RECORD EXCERPTS ->

□ □ □ □ □

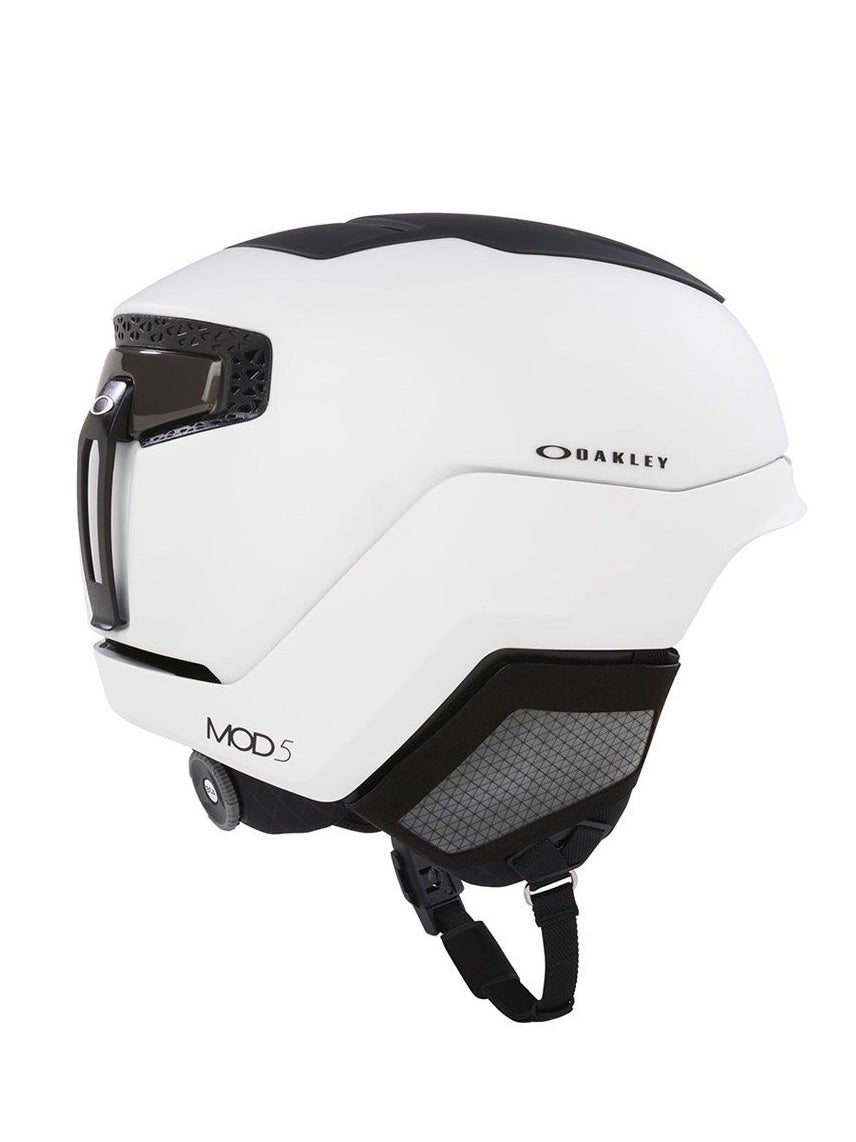 MOD5 Mips Skihjelm - Unisex - White - Gumpel & Co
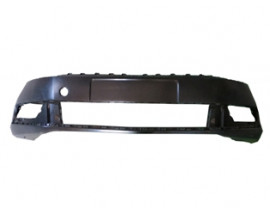 VOLKSWAGEN PASSAT- B7- 11/14; ÖN TAMPON SİYAH (SİS/PANJUR DELİKLİ SENSÖR/FAR YIKAMA DELİKSİZ)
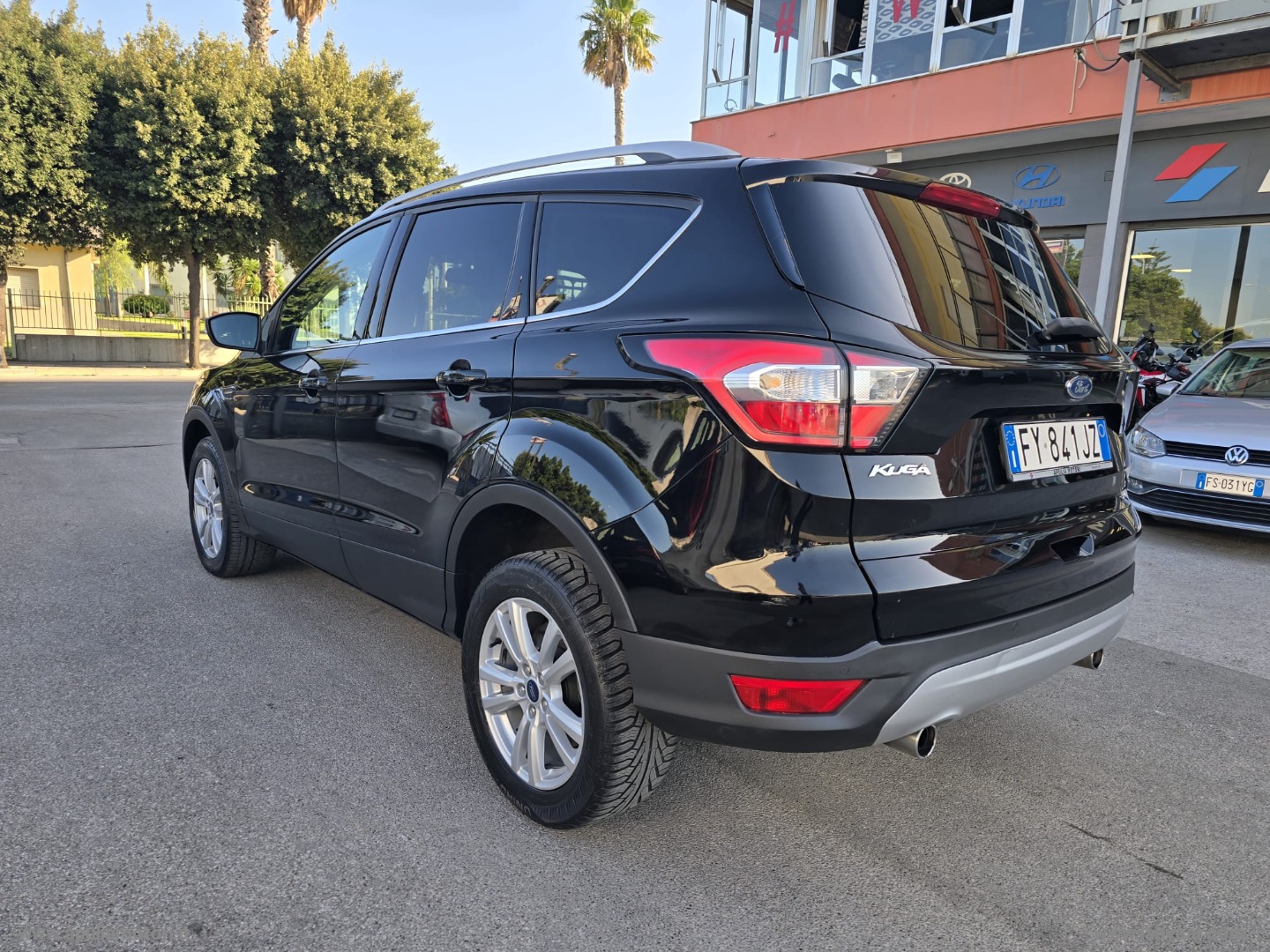Kuga 1.5 TDCI 120 CV S&S 2WD Business - immagine 7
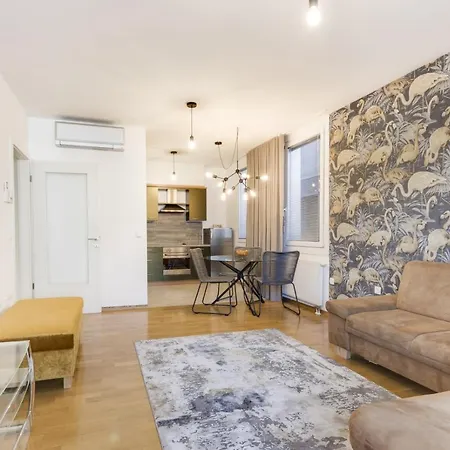 One-bedroom Bežigrad * Ljubljana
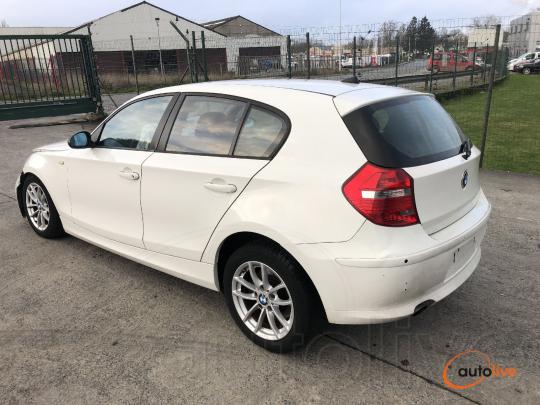 BMW 118 D N47D20A - 1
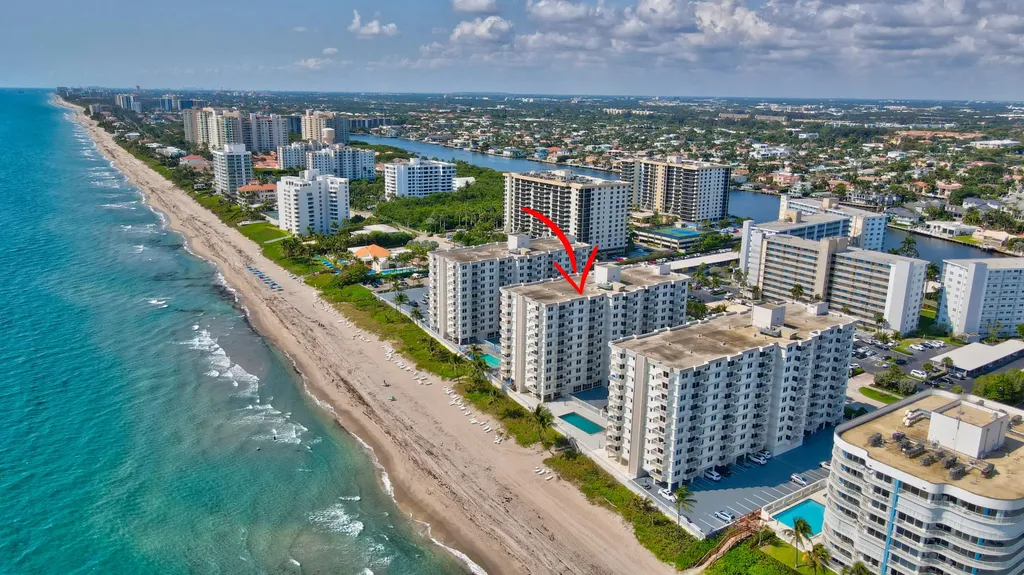3221 S Ocean Boulevard Highland Beach FL 33487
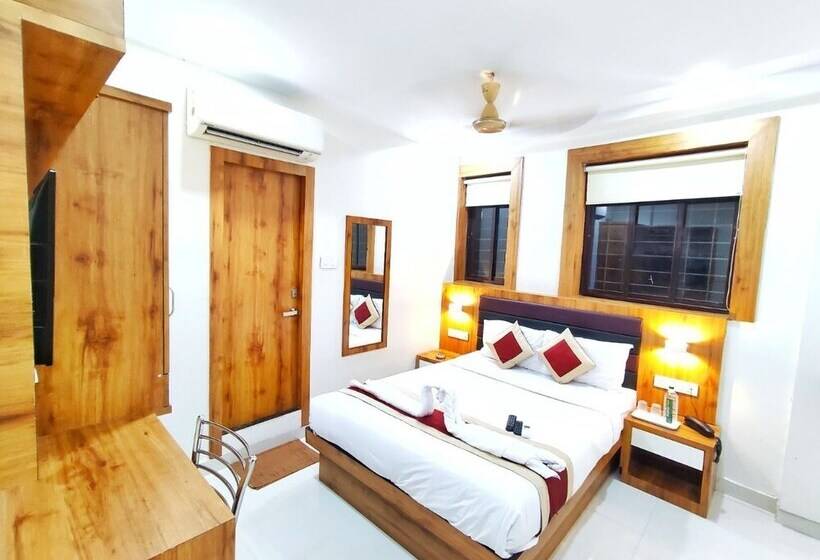 デラックスルーム, Gateway Suites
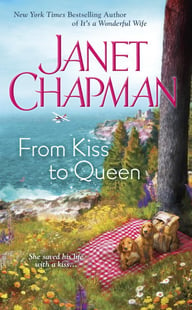 From Kiss to Queen - Janet Chapman
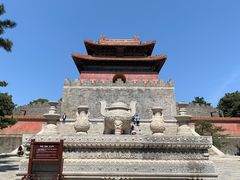 -清东陵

□ □ □ □ □

WHAT TO DO -> Only the lines from the line with "デラックスルーム, Gateway Suites" through the end of the entries above, copied exactly and with both ends included, belong in the response; the pictures do not.

EXERCISE RESULT ->
 デラックスルーム, Gateway Suites
 From Kiss to Queen - Janet Chapman
 -清东陵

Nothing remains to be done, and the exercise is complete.